**** DATA FOR THIS TASK
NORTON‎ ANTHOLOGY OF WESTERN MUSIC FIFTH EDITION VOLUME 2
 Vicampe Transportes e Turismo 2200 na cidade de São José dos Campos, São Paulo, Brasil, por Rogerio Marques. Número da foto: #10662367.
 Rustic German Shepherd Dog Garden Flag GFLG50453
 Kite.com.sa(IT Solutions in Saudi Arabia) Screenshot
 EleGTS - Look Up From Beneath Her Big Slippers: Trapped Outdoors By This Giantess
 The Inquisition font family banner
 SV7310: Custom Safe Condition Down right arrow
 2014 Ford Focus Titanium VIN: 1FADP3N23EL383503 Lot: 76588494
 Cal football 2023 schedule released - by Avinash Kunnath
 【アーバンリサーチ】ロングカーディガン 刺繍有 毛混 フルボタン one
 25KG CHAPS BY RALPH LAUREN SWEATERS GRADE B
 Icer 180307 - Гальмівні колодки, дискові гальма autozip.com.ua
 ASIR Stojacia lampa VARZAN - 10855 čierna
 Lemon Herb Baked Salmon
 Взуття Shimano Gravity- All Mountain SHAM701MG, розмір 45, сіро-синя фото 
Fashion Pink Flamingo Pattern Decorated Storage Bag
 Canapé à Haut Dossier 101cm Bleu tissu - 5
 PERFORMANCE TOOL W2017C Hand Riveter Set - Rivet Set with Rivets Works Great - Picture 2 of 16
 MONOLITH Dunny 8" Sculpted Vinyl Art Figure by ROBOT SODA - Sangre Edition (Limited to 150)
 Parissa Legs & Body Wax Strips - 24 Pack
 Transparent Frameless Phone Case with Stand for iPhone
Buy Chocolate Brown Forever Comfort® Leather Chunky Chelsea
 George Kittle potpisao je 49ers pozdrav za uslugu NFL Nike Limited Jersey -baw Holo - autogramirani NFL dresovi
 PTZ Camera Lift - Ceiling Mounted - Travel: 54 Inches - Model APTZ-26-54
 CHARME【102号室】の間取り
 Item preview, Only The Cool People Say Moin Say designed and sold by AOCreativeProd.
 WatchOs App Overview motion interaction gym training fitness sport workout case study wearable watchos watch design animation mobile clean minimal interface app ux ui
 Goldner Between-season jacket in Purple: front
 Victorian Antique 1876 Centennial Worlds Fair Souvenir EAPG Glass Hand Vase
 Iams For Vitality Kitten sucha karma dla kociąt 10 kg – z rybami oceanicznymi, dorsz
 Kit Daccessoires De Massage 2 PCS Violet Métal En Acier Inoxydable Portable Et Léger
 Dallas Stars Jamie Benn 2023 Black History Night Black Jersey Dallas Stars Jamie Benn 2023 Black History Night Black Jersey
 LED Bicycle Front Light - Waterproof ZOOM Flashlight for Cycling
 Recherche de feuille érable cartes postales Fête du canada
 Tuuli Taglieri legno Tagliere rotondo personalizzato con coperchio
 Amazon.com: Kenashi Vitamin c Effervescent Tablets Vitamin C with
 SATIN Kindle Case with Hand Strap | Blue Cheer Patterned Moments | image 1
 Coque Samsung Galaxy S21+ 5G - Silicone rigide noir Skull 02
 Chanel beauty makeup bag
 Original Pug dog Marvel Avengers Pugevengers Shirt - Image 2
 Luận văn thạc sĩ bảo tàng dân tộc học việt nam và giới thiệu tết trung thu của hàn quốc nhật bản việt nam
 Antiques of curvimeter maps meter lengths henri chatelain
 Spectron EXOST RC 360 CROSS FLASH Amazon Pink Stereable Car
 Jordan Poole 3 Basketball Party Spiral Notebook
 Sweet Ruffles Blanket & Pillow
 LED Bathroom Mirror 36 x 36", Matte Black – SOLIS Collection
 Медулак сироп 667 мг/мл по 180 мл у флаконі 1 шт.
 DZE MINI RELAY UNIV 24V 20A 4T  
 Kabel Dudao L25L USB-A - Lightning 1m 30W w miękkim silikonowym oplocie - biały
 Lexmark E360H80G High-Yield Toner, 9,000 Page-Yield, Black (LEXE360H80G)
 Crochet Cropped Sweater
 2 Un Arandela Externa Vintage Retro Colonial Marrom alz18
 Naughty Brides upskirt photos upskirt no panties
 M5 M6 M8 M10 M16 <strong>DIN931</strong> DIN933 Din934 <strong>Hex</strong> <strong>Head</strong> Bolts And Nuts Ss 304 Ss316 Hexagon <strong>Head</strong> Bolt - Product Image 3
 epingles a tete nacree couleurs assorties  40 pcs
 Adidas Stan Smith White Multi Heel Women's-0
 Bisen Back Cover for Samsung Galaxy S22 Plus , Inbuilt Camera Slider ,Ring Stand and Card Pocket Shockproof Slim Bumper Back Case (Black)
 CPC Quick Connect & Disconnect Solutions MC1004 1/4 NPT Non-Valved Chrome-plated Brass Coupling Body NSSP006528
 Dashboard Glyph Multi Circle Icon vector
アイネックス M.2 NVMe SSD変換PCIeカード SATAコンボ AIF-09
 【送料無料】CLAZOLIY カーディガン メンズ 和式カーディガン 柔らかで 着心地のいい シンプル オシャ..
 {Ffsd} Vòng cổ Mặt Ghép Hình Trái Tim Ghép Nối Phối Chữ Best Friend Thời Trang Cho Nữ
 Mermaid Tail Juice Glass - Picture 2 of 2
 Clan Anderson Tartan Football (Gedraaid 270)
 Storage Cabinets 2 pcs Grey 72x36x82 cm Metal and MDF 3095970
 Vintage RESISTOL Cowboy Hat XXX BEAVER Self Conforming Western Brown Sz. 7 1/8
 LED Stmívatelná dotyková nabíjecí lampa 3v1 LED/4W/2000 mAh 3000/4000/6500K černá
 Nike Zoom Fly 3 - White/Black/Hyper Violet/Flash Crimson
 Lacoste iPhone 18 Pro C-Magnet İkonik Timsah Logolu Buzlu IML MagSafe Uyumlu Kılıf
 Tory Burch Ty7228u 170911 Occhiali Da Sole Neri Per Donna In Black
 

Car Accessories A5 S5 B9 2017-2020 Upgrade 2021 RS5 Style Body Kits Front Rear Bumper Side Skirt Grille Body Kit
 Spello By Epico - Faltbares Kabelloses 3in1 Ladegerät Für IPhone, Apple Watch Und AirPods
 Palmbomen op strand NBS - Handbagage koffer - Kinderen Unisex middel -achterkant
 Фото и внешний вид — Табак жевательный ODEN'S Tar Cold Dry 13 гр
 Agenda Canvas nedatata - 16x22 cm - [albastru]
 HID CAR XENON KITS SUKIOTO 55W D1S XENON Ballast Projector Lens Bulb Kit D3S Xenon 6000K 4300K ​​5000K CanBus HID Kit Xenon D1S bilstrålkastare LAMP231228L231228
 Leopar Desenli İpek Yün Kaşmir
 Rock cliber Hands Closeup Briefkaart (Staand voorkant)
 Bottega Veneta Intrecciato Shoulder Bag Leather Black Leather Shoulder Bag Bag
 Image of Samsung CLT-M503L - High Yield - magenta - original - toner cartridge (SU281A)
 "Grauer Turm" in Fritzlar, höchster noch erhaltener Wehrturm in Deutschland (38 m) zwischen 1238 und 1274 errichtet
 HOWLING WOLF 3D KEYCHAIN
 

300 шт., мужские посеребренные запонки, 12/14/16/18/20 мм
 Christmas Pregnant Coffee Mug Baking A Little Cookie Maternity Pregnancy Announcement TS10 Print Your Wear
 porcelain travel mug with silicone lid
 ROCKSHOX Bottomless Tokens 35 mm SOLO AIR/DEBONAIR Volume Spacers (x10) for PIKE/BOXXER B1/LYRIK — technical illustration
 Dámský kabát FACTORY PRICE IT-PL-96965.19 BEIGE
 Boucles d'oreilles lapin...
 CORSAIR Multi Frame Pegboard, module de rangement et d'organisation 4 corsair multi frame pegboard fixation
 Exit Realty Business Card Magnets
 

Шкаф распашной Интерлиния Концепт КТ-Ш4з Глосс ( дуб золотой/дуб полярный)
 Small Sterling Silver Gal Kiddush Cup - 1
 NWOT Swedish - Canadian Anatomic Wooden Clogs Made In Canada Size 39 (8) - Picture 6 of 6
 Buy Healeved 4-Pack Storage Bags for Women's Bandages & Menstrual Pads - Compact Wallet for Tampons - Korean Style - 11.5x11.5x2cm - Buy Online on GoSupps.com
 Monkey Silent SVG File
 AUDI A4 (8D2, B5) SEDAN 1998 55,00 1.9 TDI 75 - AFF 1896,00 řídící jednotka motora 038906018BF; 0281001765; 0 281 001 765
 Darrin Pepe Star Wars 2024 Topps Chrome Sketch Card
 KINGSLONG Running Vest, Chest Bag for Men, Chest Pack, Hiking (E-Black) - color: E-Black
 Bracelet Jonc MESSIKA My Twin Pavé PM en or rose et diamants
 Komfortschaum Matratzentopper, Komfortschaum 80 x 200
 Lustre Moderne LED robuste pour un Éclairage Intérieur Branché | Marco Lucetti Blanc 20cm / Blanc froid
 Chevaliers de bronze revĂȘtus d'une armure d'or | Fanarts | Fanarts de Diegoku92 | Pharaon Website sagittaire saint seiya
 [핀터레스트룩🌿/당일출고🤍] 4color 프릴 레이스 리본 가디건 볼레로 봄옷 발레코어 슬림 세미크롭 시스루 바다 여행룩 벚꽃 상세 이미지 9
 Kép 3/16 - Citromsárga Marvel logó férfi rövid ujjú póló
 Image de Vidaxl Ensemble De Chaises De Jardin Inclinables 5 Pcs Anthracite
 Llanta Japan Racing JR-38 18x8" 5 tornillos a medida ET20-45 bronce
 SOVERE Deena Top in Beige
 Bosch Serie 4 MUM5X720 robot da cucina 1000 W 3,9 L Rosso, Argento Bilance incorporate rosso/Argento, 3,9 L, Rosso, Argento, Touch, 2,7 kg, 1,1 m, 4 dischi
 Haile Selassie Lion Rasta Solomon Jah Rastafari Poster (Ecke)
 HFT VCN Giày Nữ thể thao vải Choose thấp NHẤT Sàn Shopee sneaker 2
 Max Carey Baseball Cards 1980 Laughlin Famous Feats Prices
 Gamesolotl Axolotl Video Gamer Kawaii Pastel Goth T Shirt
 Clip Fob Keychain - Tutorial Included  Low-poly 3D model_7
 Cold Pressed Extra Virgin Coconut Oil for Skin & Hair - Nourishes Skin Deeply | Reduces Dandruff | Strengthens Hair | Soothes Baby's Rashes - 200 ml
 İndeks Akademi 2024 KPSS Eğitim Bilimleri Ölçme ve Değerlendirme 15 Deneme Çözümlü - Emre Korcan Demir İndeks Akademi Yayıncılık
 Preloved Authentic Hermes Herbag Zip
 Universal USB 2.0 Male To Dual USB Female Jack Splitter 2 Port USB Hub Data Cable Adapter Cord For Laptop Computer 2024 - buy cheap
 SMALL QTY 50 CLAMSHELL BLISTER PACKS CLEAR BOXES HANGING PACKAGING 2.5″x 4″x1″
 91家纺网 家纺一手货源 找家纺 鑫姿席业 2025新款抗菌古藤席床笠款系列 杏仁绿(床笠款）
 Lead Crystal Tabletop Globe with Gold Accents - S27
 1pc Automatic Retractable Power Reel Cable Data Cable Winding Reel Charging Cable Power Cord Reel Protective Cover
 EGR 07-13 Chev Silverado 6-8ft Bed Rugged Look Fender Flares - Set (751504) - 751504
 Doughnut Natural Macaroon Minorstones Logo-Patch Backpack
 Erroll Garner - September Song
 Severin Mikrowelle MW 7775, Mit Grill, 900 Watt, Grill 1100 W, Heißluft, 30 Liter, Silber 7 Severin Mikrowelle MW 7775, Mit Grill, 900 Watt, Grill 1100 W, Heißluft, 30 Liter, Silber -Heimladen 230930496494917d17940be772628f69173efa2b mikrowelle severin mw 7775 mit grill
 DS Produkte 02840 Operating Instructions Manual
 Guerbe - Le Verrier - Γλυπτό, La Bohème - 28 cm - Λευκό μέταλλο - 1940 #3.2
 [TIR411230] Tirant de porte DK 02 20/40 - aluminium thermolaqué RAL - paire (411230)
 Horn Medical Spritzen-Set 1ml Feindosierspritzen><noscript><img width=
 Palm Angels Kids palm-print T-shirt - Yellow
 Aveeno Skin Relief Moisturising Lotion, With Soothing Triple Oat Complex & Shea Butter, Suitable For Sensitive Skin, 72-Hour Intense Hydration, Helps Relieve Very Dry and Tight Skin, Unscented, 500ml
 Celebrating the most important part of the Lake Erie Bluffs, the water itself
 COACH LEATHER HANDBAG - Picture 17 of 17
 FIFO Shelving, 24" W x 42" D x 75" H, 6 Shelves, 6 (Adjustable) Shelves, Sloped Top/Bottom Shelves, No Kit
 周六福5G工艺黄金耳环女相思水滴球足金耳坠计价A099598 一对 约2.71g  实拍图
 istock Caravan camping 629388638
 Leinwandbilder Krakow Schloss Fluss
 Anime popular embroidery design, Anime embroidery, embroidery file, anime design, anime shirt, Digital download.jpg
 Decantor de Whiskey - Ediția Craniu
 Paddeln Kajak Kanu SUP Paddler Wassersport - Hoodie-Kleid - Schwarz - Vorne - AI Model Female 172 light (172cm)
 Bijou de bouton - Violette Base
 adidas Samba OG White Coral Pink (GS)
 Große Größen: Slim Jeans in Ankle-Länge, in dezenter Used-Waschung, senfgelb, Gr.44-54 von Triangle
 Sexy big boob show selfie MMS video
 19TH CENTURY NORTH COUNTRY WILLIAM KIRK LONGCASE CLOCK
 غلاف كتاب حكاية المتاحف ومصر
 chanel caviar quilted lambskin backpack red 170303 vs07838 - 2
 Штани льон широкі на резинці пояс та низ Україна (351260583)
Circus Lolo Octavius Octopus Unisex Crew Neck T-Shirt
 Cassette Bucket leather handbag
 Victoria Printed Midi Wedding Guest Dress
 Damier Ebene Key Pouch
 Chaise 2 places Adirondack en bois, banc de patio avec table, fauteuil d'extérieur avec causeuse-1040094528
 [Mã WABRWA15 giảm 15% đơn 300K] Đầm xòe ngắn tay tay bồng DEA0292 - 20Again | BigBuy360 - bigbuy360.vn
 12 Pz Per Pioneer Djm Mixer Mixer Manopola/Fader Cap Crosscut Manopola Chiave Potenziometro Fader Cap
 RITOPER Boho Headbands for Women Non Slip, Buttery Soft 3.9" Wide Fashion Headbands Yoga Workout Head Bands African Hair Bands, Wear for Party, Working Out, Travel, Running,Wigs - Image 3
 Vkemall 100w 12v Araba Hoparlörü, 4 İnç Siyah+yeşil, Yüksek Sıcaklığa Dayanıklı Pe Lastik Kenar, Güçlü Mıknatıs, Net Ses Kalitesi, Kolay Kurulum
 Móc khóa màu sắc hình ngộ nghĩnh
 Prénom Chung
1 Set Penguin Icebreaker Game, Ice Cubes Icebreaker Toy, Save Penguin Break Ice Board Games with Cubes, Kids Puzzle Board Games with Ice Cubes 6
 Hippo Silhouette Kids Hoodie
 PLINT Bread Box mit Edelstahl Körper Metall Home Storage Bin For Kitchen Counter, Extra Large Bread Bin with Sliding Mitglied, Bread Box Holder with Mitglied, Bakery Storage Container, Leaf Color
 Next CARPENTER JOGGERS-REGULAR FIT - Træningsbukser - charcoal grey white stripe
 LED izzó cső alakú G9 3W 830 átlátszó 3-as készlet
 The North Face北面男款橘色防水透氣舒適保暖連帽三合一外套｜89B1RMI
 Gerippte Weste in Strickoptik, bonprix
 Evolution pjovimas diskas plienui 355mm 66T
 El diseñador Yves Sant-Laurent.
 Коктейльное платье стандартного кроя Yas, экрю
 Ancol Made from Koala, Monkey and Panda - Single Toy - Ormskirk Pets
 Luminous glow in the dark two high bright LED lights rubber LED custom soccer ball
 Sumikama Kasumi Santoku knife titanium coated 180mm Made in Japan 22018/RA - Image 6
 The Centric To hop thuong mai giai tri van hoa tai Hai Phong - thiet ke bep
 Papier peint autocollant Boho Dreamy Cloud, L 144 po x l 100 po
********
DESCRIPTION OF THE TASK:
Find the lines above that contain the word "Made" and copy each one.

SOLUTION TO THIS PROBLEM:
 NWOT Swedish - Canadian Anatomic Wooden Clogs Made In Canada Size 39 (8) - Picture 6 of 6
 Ancol Made from Koala, Monkey and Panda - Single Toy - Ormskirk Pets
 Sumikama Kasumi Santoku knife titanium coated 180mm Made in Japan 22018/RA - Image 6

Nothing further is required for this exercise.